C’est devant une assemblée de 70 personnes, représentants de RAM du 69, 21, assistants maternels du 69, 84, 34,42, porte paroles du CAMAM du 69 et 84 que cette rencontre à débutée avec

Mr Philippe Cochet ;

qui nous félicite de notre présence, nous parle de la place donnée à la petite enfance sur sa commune et reconnaît la méconnaissance de notre métier et tient à préciser que cette rencontre participe à cette valorisation.SAMSUNG CAMERA PICTURES

 

Suivi de Dominique Nachury;

qui insiste sur les besoins des familles qui évoluent. Elle relève les singularités des assmats à travailler chez elles et c’est ce qui en fait une richesse qu’il est souhaitable de préserver. Il y a 13000 assmats sur le Rhône .Elle reconnaît l’appétit des familles pour le collectif. Il faut arriver à conserver un équilibre dit elle : « cela nécessite une évolution :

-aux besoins nouveaux des familles

-une organisation de notre profession au quotidien ( s’intégrer dans les structures, ram, associations). La profession doit accepter de passer des conditions à travailler isolée et à s’ouvrir vers les structures. Il faut savoir nous adapter encore mieux qu’au collectif aux besoins des familles en participant à des activités tout en ayant un accueil personnalisé.

Elle est interpellé sur les rythmes scolaires sur lesquels les assmats n’ont pas été consultées et des exemples précis d’incohérences lui sont donnés ( rythme des bébé incompatibles!). « Peu de consultation même au niveau national et trop de précipitation » selon elle et un gouvernement qui s’est déchargé sur les communes. Pour elle, il est difficile de juger car toutes les communes fonctionnent différemment. Elle regrette que nous n’ayons pas de représentativité et que cela est du à une non organisation de notre métier et regrette cette disparité de notre organisation (même s’il y a des syndicats, il n’y a pas de regroupement).
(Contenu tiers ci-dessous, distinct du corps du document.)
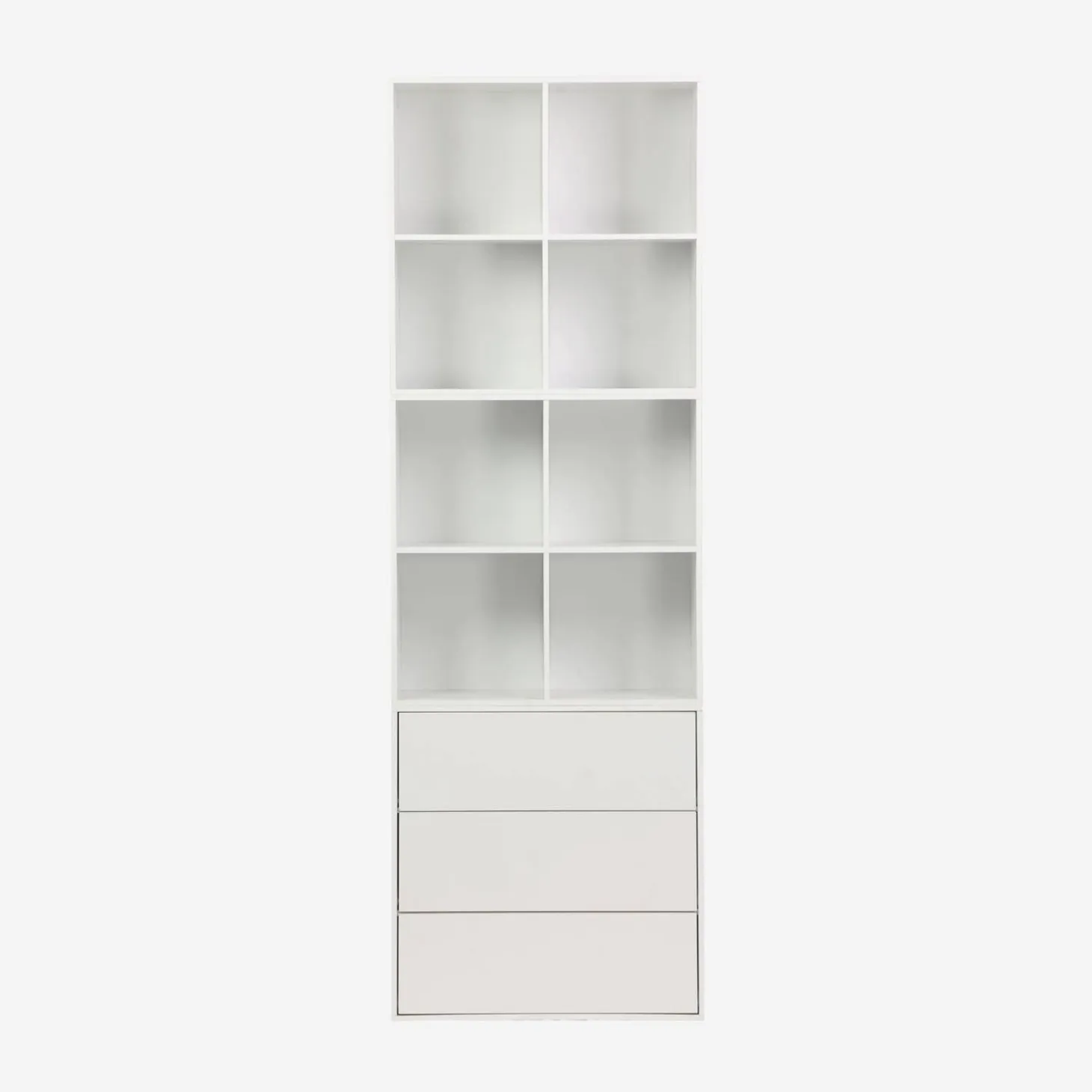 Opbergmodule decor houtdecor 3 lades 70cm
Elle est interpellée sur le fait que lors des réunions municipales d’information aux familles sur les modes de garde, on parle très peu des assmats. « Effectivement, il y a une méconnaissance du métier et précise qu’il faut réfléchir à travailler sur cette méconnaissance ». Elle précise qu’elle fera remonter cette information auprès du gouvernement.

 

SAMSUNG CAMERA PICTURESSuzon Bosse-Platière ;

Nous présente son analyse sur notre métier, souligne effectivement qu’il faut absolument pour la pérennité de ce métier une reconnaissance professionnelle. Soucieuse de l’avenir de notre métier, Suzon Bosse-Platière œuvre pour notre défense et notre valorisation.

Ce métier à été construit sur une expérience de « mère au foyer », et par ce fait se trouve bancale par rapport aux statuts, partagé entre le professionnel et l’éducatif.

Plusieurs difficultés pour ce métier:

Confusion des espaces et temps

Confusion des rôles

Confusion du domaine privé et public

Ce métier est un métier de relation et d’éducation, ce qui entraîne des exigences professionnelles, de savoir être, savoir faire et de devoirs professionnels.

Cette analyse, démontre également, que les acquis professionnels doivent passer par une formation spécifique au métier , par l’expérience, la maturité de la personne.

LIRE L’ETUDE COMPLETE de SUZON BOSSE-PLATIERE   ICI. CALUIRE 21-03 15

REP

Après la pause déjeuner fort sympathique et conviviale, nous avons repris la séance avec;

Sandrine Bruas;

qui à évoqué le questionnement sur la valorisation et reconnaissance du métier.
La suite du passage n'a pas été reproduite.